Bryan’s most defining trait was his political adaptability. Bryan survived nearly the entire reign of Henry VIII, maintaining royal favor despite the downfall of friends and family members — including Anne Boleyn, to whom he was closely connected. His flexibility, charm, and willingness to shift alliances enabled him to endure political upheavals that destroyed others.

Bryan was a complex and cultured man—a Renaissance figure skilled in diplomacy, literature, and espionage. His talents went beyond court intrigue, as a skilled diplomat (especially in France and Ireland); a court poet and translator (he contributed to the early development of English poetry); and, a spy and intelligence agent, possibly involved in gathering sensitive information abroad.

No portrait of Sir Francis survives.

The earliest known person to describe Sir Francis Bryan as “the Vicar of Hell” was John Bale, a 16th-century Protestant polemicist and historian. Bale, who knew many of Henry VIII’s courtiers and had strong reformist views, used the epithet “Vicar of Hell” to condemn Bryan’s moral flexibility and opportunism in Tudor politics—especially his service to Henry VIII during the king’s shifting religious and political loyalties. Bale’s phrase appears in his work Illustrium Majoris Britanniae Scriptorum Summarium (first published in 1548–49), where he criticized various figures at Henry’s court. His description of Bryan as “hell’s vicar” (Latin: vicarius inferni) became the enduring tag attached to Bryan’s reputation thereafter.
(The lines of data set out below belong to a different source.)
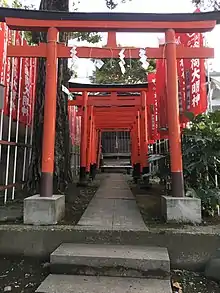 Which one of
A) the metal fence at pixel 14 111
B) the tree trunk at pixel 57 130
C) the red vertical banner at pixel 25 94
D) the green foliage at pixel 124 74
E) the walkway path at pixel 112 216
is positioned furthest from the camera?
the green foliage at pixel 124 74

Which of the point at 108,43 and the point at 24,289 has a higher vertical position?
the point at 108,43

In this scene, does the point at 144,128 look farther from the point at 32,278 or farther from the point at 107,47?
the point at 32,278

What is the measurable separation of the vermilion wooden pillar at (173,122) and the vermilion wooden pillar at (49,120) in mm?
1821

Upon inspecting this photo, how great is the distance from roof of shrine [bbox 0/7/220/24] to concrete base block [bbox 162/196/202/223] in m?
2.79

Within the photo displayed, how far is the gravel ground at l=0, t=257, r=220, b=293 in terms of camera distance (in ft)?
9.48

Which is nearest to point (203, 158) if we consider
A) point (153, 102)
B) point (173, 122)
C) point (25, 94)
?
point (173, 122)

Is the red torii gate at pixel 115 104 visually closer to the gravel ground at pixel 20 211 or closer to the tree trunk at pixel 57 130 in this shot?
the tree trunk at pixel 57 130

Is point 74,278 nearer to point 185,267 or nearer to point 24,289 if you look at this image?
point 24,289

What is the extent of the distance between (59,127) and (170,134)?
2587mm

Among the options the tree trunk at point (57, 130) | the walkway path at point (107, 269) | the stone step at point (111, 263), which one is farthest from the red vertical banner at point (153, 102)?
the stone step at point (111, 263)

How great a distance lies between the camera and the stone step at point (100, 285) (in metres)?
2.60

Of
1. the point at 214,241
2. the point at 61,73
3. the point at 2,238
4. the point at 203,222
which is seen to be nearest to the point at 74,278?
the point at 2,238

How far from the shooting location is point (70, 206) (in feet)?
16.4

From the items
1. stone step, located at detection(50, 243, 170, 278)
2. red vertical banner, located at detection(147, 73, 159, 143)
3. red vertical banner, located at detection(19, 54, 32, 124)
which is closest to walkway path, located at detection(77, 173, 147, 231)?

Franciscus Bryanus, nobilis Anglus, aulae Henrici VIII a primis adolescentiae annis addictissimus, vir omni flagitio deditus, et (ut vulgo dicebatur) inferni vicarius.

Literal translation:

“Francis Bryan, an English nobleman, most devoted to the court of Henry VIII from his earliest youth, a man given over to every vice, and (as he was commonly called) the Vicar of Hell.”

So Bale attributes the epithet “inferni vicarius” (“Vicar of Hell”) not necessarily as his own invention, but as a nickname already circulating at court — ut vulgo dicebatur (“as it was commonly said”).

The word choice, if it is indeed Bale's, is precise and theologically loaded. A vicar is one who acts in place of another — the word derives from the Latin vicarius, a substitute or deputy. In ecclesiastical usage, a vicar represents a higher authority. To call someone the Vicar of Hell is to say that he acts as the devil's representative on earth, carrying out infernal business in the temporal world. For Bale, who was deeply invested in the idea that the Reformation was a cosmic struggle between Christ and Antichrist, this was not mere name-calling. It was a theological judgment: Bryan, by his moral vacuity, his willingness to serve any master and betray any ally, his indifference to religious truth, had made himself into an agent of spiritual destruction. He did not need to be openly wicked in the manner of a tyrant; his wickedness was subtler and, in Bale's framework, perhaps more dangerous — the wickedness of a man who believed in nothing and would do anything.

== Marriage ==
Before 1522, he married Philippa Spice, who was the daughter of Humphrey Spice of Black Notley, Essex, and the widow of John Fortescue of Ponsbourne.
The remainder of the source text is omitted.